Taguri is also a former undefeated British boxer, who last fought in 2008.

==Early life and education==
Taguri was born in Brent and grew up in Willesden Green, London, England. In a 2014 interview, he said: "My parents came here in 1977 to escape the Gaddafi regime in Libya and my mum was at the time one of the few females going through university. She was going to become a lawyer but because of the nature of the regime, they decided to leave and they came here as cleaners to start again. So I grew up in social housing till I was thirteen.... There was a very heavy threat of homelessness that hung over the family for several years."

Taguri attended Latymer Upper School, one of the last pupils to benefit from the Assisted Places Scheme, and went on to study English Literature and Language at the University of Reading. When he was in his early twenties he took up boxing and had his debut fight at the York Hall, Bethnal Green.

==Political career==
For more than 15 years Taguri has worked for several London-based charities in campaigning and fundraising capacities (including within the hospice movement and with children's charities), and most recently for the Liberal Democrats, before being chosen to run as their candidate for the 2015 election in the Brent Central seat previously held (since 2003) by Sarah Teather. He states that his mission in politics is to eradicate child poverty in the UK by 2020. In the course of his campaigning, he compared politics to boxing, as they both are "all about preparation and training. It's not what happened on polling day, it's what happens in the months before." Taguri though was forced to stand down as fundraiser, race and equality champion and candidate when he was caught in a sting operation by The Daily Telegraph apparently accepting donations in exchange for access, as well as suggesting ways of funneling the donations to hide their origins.

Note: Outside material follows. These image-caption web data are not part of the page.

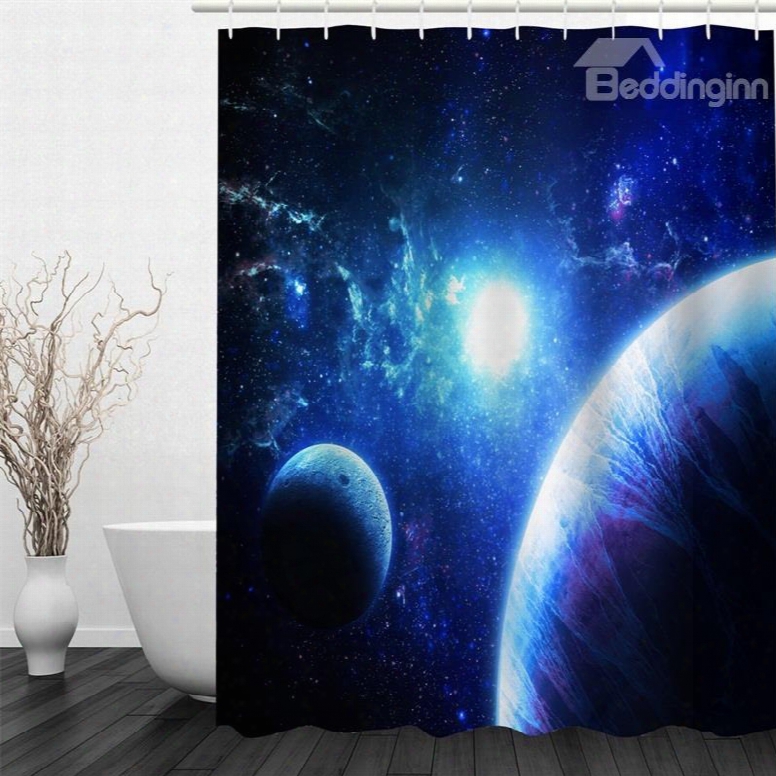 3d Planets In Universe Pattern Polyester Waterproof Antibacterial And Eco-friendly Shower Curtain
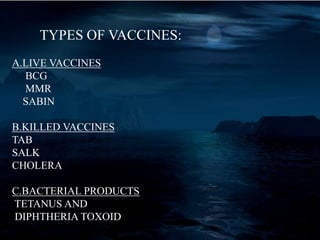 TYPES OF VACCINES:
A.LIVE VACCINES
BCG
MMR
SABIN
B.KILLED VACCINES
TAB
SALK
CHOLERA
C.BACTERIAL PRODUCTS
TETANUS AND
DIPHTHERIA TOXOID
 
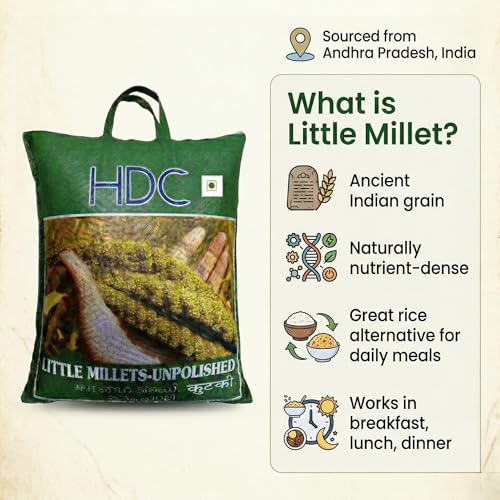 Image of HDC Siridhanya Unpolished Little Millet | Gluten free | whole grain | Plant based Protein | Net Wt 4700 g | Sourced from Andhra Pradesh, India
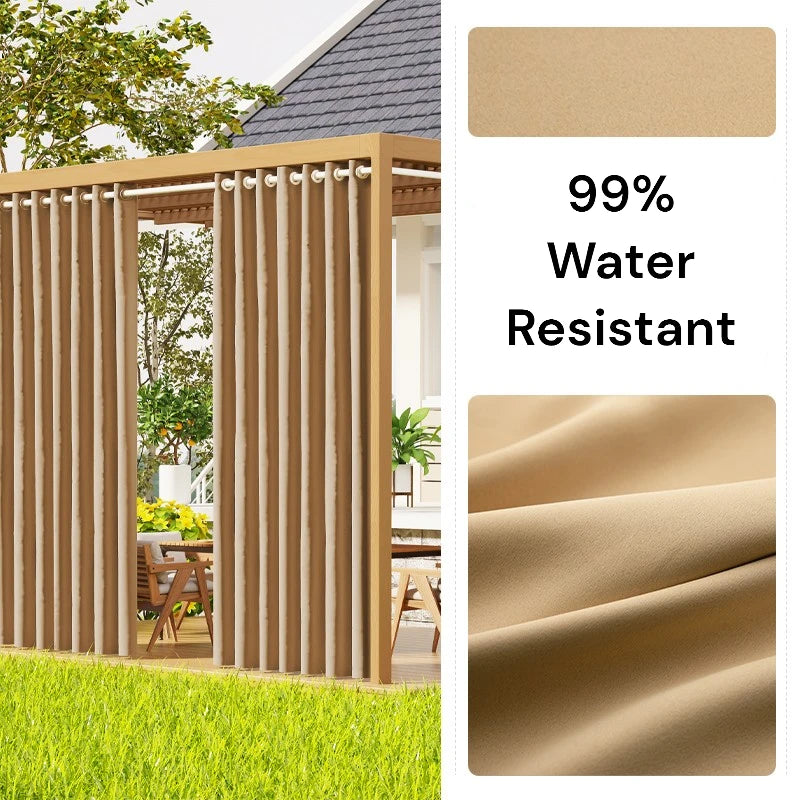 Durable All-Weather Antibacterial Outdoor Curtains - Custom Size for Patio, Deck, and Poolside Privacy - Waterproof & UV Resistant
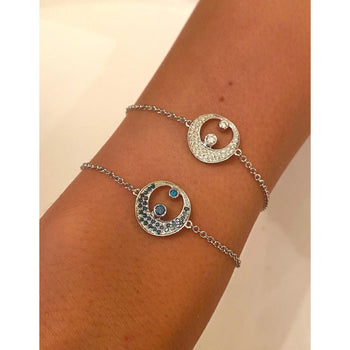 Crescent Moon and Star Diamond Bracelet in 18k White Gold – Assay Jewelers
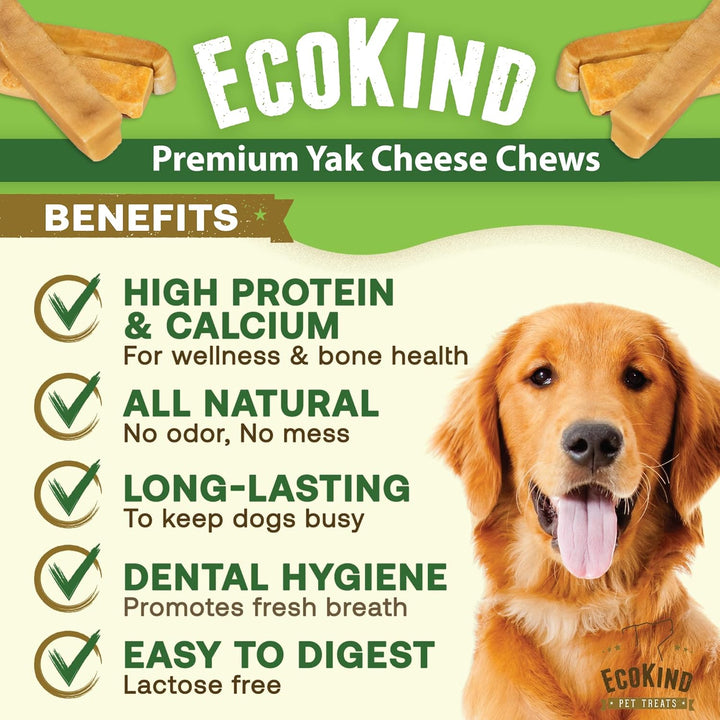 Ecokind Premium Gold Yak Cheese Himalayan Dog Chews, Healthy Dog Treats, Yak Chews for Small Dogs, All Natural, Long Lasting Dog Chew for Aggressive Chewers, High Protein Puppy Treat, Small - 8 Chews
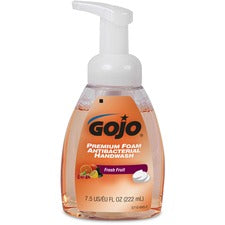 Gojo&reg; Premium Foam Antibacterial Handwash - Fresh Fruit Scent - 7.5 fl oz (221.8 mL) - Pump Bottle Dispenser - Hand - Orange - Rich Lather - 1 Each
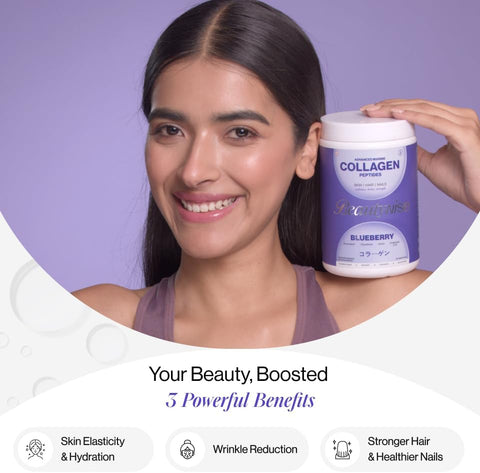 Beautywise Advanced Marine Collagen Proteins Powder with Hyaluronic Acid & Biotin - Blueberry, 250g - Image 3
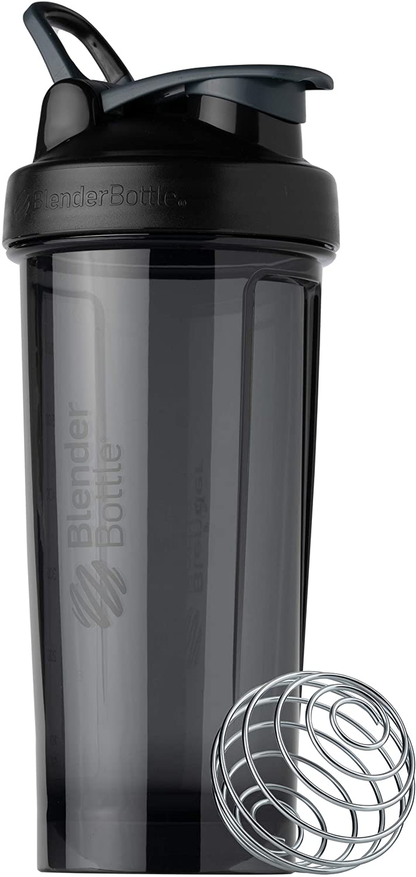 BlenderBottle Shaker Bottle Pro Series Perfect for Protein Shakes and Pre Workout, 24-Ounce, Black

Taguri has written for publications including the New Statesman and the Huffington Post, writing about issues that reflect his concerns, which include UK immigration policy, informed by his own experience as the eldest child of a working-class immigrant family; increasing parents' access to affordable childcare, improving educational standards and fighting poverty through radical tax reform, defending civil liberties in the UK and abroad, and environmental topics such as fracking.

==Personal life==
Taguri is a supporter of Tottenham Hotspur FC.